Shepard considered before answering, her eyes locked on the Asari’s. “When you were infected you had no choice but to carry on. The galaxy required leadership and you gave it. Continuing the charade after the cure is a choice, though, so...yes, I think the penalties would have been lessened if you stopped.”

“We disagree,” she said simply. “There are many in power, many whose secrets were used to produce favorable actions, who would be embarrassed by the knowledge of their complicity. Forgiveness is rare in politics, no matter how pure the motives may have been. In fact, we feel that if there is to be any protection for those involved in our activities it will originate most effectively from within the Convergence itself.”
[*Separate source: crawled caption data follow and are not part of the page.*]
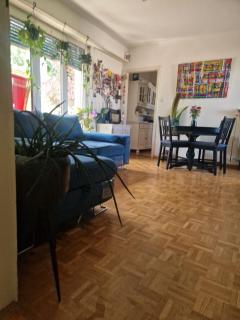 Attica with a view, tranquility and plants centrally located - Basilea - 6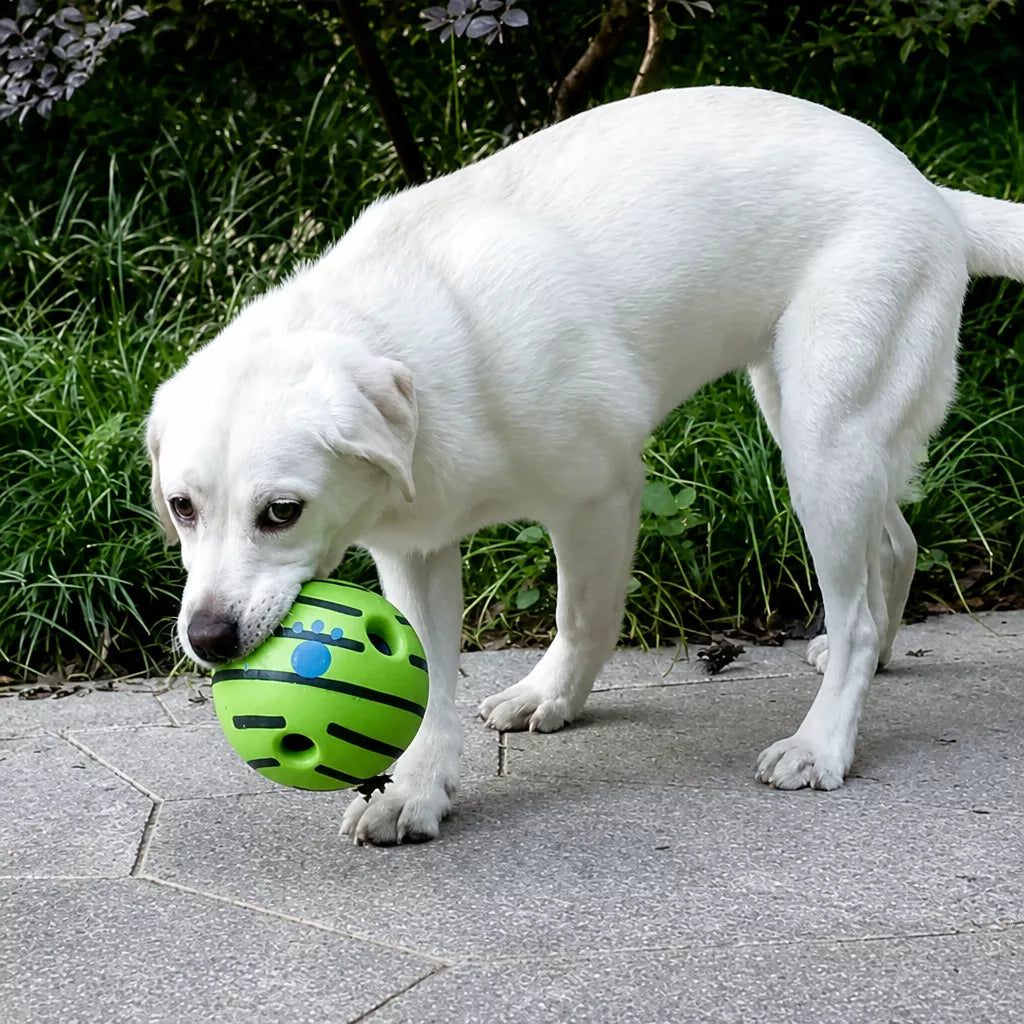 Interactive Squeaky Ball Dog Toy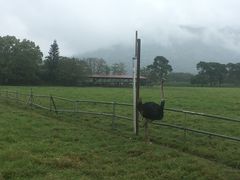 -瑞穗牧场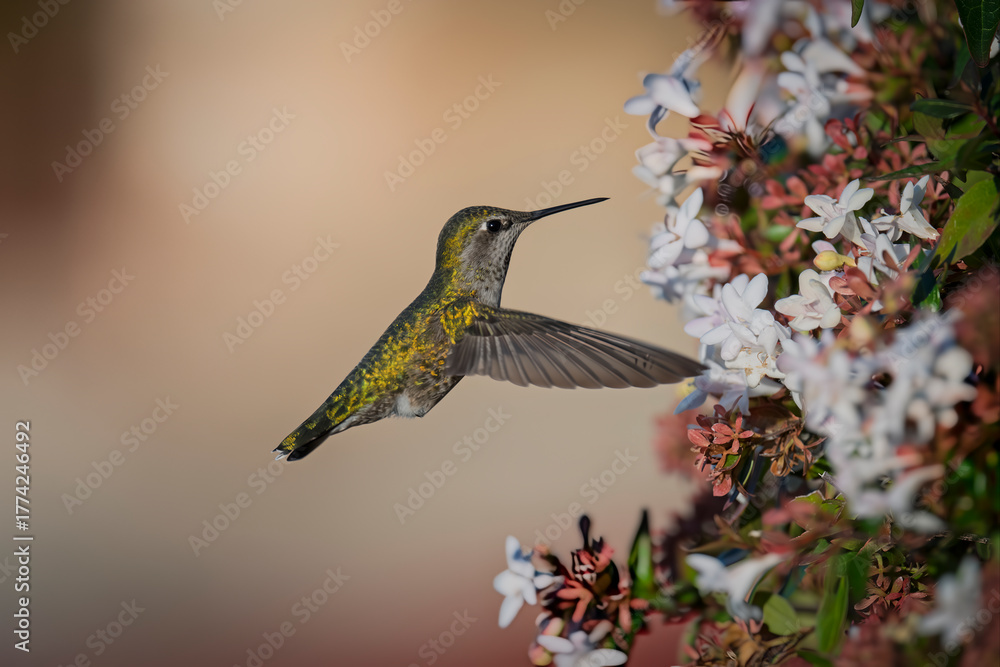 Fototapeta premium Anna’s Hummingbird Hovering Beside Blooming White and Pink Flowers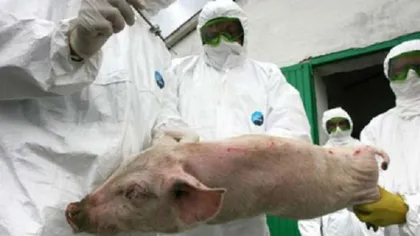 Pestă porcină în Dâmboviţa. Autorităţile iau măsuri de siguranţă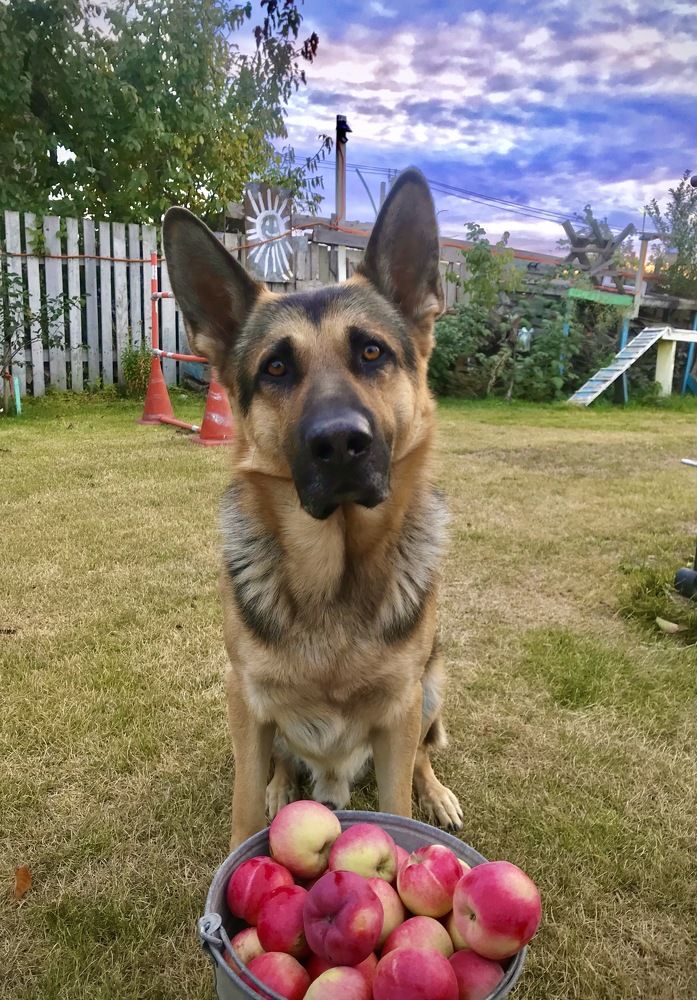 Photograph by Пылаев Александр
Shepard raised her eyebrows but shrugged. “Look, I see what you’re saying, but you understand you’re setting yourselves up for a fight, right? If you don’t work with the authorities and admit what you’ve done you could be forced to defend yourself against every race in the galaxy. Not even five million people would fare well against those odds.”

Tevos was nodding all the while. “We considered that and have a plan. A plan that is now meeting some unanticipated complications.”

“Which is why you’re here.” Shepard posited with a rise of one brow while crossing her legs. “So?” she asked, punctuating the question with a hand, “What do you need from me?”

Tevos’ face turned toward the window as she spoke, the blueness of the light reflecting on her face only intensifying the radiant purple of her skin. “It was inevitable that someone, somewhere would begin to notice patterns belonging to a large group of disparate people performing similar activities across the galaxy. We had hoped to obfuscate our work until we were ready to announce what we’ve become, publicly, but it may have happened sooner than we liked.”

She turned to gaze at Shepard directly. “One of our highest level members, in charge of some of the more sensitive aspects of our activities has gone missing, Shepard, and I need you to find him.”

Shepards eyes narrowed in thought before confusion set in. Confusion and no little bit of humor. “You have over 5 million people who can communicate just by thinking and one of you still managed to get lost?”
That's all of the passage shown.